Le projet a d’abord vu le jour à la demande du réalisateur bruxellois Yves Dorme, en lien avec un documentaire consacré à la crise de l’accueil des migrants en Belgique. Mais rapidement, The Enemy Within s’est affranchi de ce cadre pour devenir une œuvre autonome, autonome jusqu’à s’éloigner du film — lequel, en définitive, empruntera d’autres voies musicales. L’album, lui, a poursuivi son propre chemin. Et quel chemin.
Dès ‘Cotto‘, on comprend que le voyage ne sera pas linéaire. Les rythmes sont tendus, les guitares liquides. ‘The Miner‘ creuse les sols de la mémoire, tandis que ‘God in (God out)‘ trouble les repères sacrés. Et puis il y a ‘Suite‘, morceau-fleuve de 11 minutes, qui semble condenser l’errance de tout un peuple dans un labyrinthe sonore sans issue. Ces titres ne sont pas de simples pistes : ce sont des balises, des éclats de paysage intérieur. Les voix sont rares, l’instrumental dit plus que des mots.

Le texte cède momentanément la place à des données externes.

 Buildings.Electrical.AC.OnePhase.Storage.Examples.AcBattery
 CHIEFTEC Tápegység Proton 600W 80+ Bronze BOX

The Enemy Within, comme son nom l’indique, ne pointe pas vers l’extérieur. L’album ne dénonce pas un coupable unique. Il invite à une introspection politique, une psychanalyse sociale. Qui est l’ennemi ? Celui qu’on rejette à la frontière ? Ou la part de nous-mêmes qui tolère l’intolérable ? L’esthétique sonore d’Australium évoque à la fois Brian Eno et Bark Psychosis, tout en conservant une identité propre, forgée par l’urgence, l’improvisation et la distance. Cette musique, bien que née pour un film, ne s’y limite pas : elle habite aussi l’esprit, le traverse longtemps après la dernière note.
À l’heure où tant de disques cherchent à nous distraire du réel, The Enemy Within s’y confronte, frontalement. Et dans cette confrontation, Australium révèle ce que la musique peut encore être : un miroir trouble, un cri retenu, un battement de cœur commun à ceux qui n’ont plus de toit mais encore des rêves. En écoutant cet album, on n’entend pas seulement deux musiciens séparés par les océans. On entend les voix de ceux qu’on n’écoute jamais. Et c’est peut-être ça, la véritable révolution sonore.
Prochainement en programmation dans Solénoïde, émission des musiques imaginogènes diffusée sur 30 radios/50 antennes FM-DAB !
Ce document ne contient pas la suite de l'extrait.